I'm trying to understand how to implement ON/OFF behavior in optimization problems to be solved in GEKKO effectively.
Consider the following scenario:
The above problem is implemented in Python:
import numpy as np
from gekko import GEKKO
import matplotlib.pyplot as plt
timesim = 24*1 # hours
timesteps = 1 # steps/hour
n = np.int64(timesim*timesteps + 1) # this is the vector length in GEKKO
Edh_demand =np.ones(timesim+1)*80;
Edh_demand[int(7*n/24):int(10*n/24)] = 200
Edh_demand[int(3*n/4)-1:int(3*n/4)+2] = 300
m = GEKKO(remote=False) # initialize gekko, körs lokalt
m.time = np.linspace(0, 24, 25) # Gekko-tid
Egen1 = m.Var(value = 30, lb = 30, ub = 200)
Egen2 = m.Var(value = 30, lb = 30, ub = 200)
Eloss = m.Var(value = 30*.3)
Eprod = m.Var(value = 30)
Edemand = m.Param(value = Edh_demand)
cost = m.Param(value = 10)
m.Equation(Eloss == Egen1*.3)
m.Equation(Eprod == Egen2 + Egen1 - Eloss)
m.Minimize(Eloss)
m.Equation(Eprod >= Edemand)
m.options.SOLVER = 3
m.options.IMODE = 6
# m.options.COLDSTART=2
m.options.COLDSTART=0
m.solve(disp=True)
plt.figure(5)
plt.subplot(2, 1, 1)
plt.plot(m.time, Egen1, label='gen 1')
plt.plot(m.time, Egen2, label='gen 2')
plt.legend()
plt.subplot(2, 1, 2)
plt.plot(m.time, Edemand, '--r')
plt.plot(m.time, Eprod)
plt.show()
I have the following questions/problems:
I believe one way to attack this problem is by creating an Integer variable (gen1_onoff) and multiply all occurances of gen1 by gen1_onoff. One can also add the following constraint
m.Equation(gen1 * gen1_onoff <= gen1_lb)
One could penalize variations of gen1_onoff in the objective function
dt_gen1_onoff = Var(value = 0)
m.Equation(dt_gen1_onoff == gen1_onoff.dt())
m.Minimize(dt_gen1_onoff)
I have no idea how to implement the constraint for problem 3, but suspect that m.if3() should be useful.

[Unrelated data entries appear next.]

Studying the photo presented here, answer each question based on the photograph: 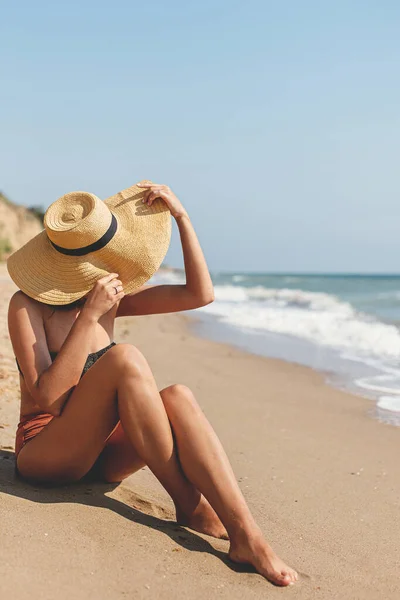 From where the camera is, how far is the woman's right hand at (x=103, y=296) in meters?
3.15

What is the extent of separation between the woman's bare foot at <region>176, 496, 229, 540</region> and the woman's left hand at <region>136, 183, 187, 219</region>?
1.53m

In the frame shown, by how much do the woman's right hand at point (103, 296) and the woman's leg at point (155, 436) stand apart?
247 mm

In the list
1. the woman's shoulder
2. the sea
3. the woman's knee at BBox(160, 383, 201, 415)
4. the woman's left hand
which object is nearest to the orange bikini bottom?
the woman's shoulder

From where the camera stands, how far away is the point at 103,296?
3219 mm

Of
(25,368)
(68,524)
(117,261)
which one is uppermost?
(117,261)

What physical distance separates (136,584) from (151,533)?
0.48 meters

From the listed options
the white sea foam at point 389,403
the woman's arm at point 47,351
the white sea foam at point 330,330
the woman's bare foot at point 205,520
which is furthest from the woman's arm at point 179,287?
the white sea foam at point 330,330

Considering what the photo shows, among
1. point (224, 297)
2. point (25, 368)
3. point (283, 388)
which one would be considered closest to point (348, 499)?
point (25, 368)

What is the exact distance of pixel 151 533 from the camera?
300 centimetres

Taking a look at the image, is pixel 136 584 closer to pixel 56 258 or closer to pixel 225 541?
pixel 225 541

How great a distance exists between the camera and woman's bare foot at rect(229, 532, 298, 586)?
2.76 meters

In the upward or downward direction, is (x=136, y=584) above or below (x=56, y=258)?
below

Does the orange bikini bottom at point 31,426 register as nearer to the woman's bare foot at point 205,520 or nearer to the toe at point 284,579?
the woman's bare foot at point 205,520

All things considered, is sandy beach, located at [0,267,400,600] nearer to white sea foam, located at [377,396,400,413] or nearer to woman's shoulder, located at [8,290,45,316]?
white sea foam, located at [377,396,400,413] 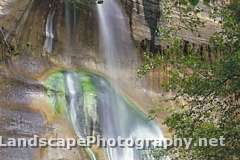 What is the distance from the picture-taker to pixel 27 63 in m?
11.0

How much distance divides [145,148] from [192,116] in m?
3.38

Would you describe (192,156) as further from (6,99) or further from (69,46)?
(69,46)

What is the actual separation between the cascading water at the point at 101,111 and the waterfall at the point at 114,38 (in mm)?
1441

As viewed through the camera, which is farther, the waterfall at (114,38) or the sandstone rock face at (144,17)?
the sandstone rock face at (144,17)

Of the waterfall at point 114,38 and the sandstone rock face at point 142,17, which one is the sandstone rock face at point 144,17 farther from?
the waterfall at point 114,38

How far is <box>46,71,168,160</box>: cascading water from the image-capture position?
32.6 ft

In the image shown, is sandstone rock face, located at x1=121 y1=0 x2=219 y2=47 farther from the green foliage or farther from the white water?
the green foliage

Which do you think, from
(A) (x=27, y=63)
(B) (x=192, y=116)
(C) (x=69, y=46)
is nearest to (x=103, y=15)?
(C) (x=69, y=46)

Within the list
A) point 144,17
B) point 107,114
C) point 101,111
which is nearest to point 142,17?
point 144,17

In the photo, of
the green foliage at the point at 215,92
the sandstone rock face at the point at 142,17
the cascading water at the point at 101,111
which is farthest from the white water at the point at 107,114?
the green foliage at the point at 215,92

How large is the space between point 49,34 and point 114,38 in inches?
83.6

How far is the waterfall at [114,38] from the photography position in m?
13.3

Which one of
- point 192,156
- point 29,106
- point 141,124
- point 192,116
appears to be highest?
point 192,116

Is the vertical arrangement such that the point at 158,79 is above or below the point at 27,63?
below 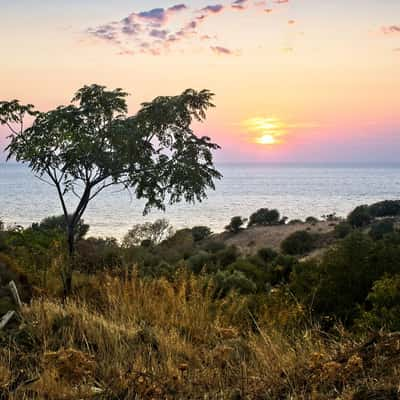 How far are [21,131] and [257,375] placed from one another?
8.29 m

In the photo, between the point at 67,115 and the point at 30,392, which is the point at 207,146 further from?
the point at 30,392

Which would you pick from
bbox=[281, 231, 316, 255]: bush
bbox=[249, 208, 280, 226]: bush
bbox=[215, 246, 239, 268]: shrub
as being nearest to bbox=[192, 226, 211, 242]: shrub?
bbox=[249, 208, 280, 226]: bush

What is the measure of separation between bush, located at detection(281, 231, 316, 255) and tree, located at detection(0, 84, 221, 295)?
53.6 ft

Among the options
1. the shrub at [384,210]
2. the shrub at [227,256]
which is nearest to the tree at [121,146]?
the shrub at [227,256]

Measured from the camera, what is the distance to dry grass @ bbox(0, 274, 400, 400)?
393 centimetres

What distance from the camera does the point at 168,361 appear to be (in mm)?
4781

As you correctly noted, when gen1
can only operate above the lower bound (gen1_lb
) or at 0
, use a binary variable gen1_onoff
to switch the operation mode:
m.options.SOLVER = 1 # APOPT solver for Mixed Integer solutions
gen1_onoff = m.Var(value=1, integer=True, lb=0, ub=1) # Binary variable
Egen1 = m.Var(value = 30, lb = 30, ub = 200)
Egen1s = m.Var(value = 30, lb = 0, ub = 200)
m.Equation(Egen1s == gen1_onoff * Egen1) # Egen1s is either at 0 or 30-200
To create a penalty for changes in gen1_onoff
, tracks the change in state and include it in the objective function with a squared error or m.abs3()
as an absolute value.
dt_gen1_onoff = m.Var(value=1, integer=True, lb=0, ub=1)
m.Equation(dt_gen1_onoff == gen1_onoff.dt()) # Change in on/off state
m.Minimize(cost * m.abs3(dt_gen1_onoff)) # Add to objective
The m.abs3()
ensures that the penalty applies regardless of the sign of the change. However, this introduces another binary variable and greatly slows down the solution.
A computationally more efficient way is to declare gen1_onoff
as an MV
type and add a DCOST
value to penalize movement.
m.options.CV_TYPE = 1 # l1-norm objective
gen1_onoff = m.MV(value=1, integer=True, lb=0, ub=1)
gen1_onoff.STATUS = 1
gen1_onoff.DCOST = 1e-3 # penalty on movement
To impose a delay so that gen1
must remain off for two time steps before being turned back on, use the GEKKO MV_STEP_HOR
option. This requires that the MV is held for 2 cycles before changing.
gen1_onoff.MV_STEP_HOR = 2
Using several m.if3()
functions is also possible but would greatly increase the computational time. To improve efficiency, minimize the use of integer variables as much as possible since they make the problem more complex.